Now and forever we will work together so we can survive the worst of the weather.

Taylor xoxo
15 years old

*The previous was sent to me by a member of an online forum for incarcerated family members. I’m sharing it with you to highlight the pain and struggle families go through. Taylor was 15 years old when sentenced to prison in Florida. Kim is her mother.

I created lettersfromchristopher to draw attention to incarceration in the United States. Please share these posts widely.


3 thoughts on ““The Struggle” by Kim Lawrance (FL)

  1. prisonreformisoverdue

    I don’t think someone as young as Taylor was (15) should ever be locked up in adult prison for anything short of the most severe crimes. Even then I question that. When you lock up children in adult settings you expose them to very negative experiences, from sexual to mental. This is more true in women’s prisons than mens:
    and this young woman is fortunate that she has strong support from her family, especially her mother throughout her time. Many families of incarcerated children struggle. Thank you for drawing awareness to this.

    1. christopherm001

      Prisonreformisovetdue I agree with you. Years ago I tutored juveniles in GED studies, the youngest being 14 years old. Most were between the ages of 15 and 16. Many of the children couldn’t fathom their situation. They were naive to the ways of adult confinement, often fell victim to sexual predators, and one was killed by an adult prisoner for nothing more than his race.
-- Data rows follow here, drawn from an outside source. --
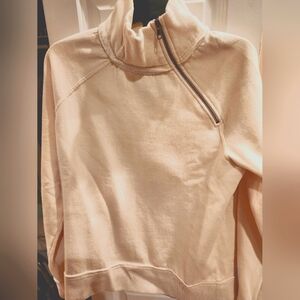 Free People , Women's 1/2 - zip Pullover, size S, NWT, cream color.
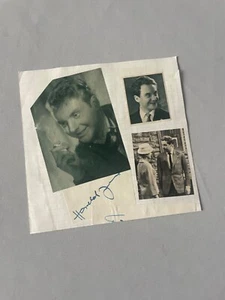 HARALD JUHNKE († 2005) signed signiert Albumausschnitt 14x14 Autogramm autograph - Bild 1 von 2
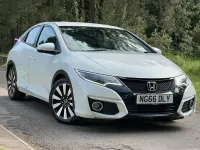 Used Honda Civic SE Plus 142 HP (104 kW) 2017 White Hatchback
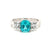 18kw paraiba tourmaline ring with a GIA report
      I’ve written about these children on this blog in posts like:

      16 And Forever
      Wrongful Convictions
      Watching Children Grow Up In Prison
      #17: Video Fridays in 69 Seconds — The Day-Ones: A Guest Essay By Tim

      Sentencing children to prison may satisfy public anger, but it negatively affects these kids in profound ways, most of whom will return to society as adults.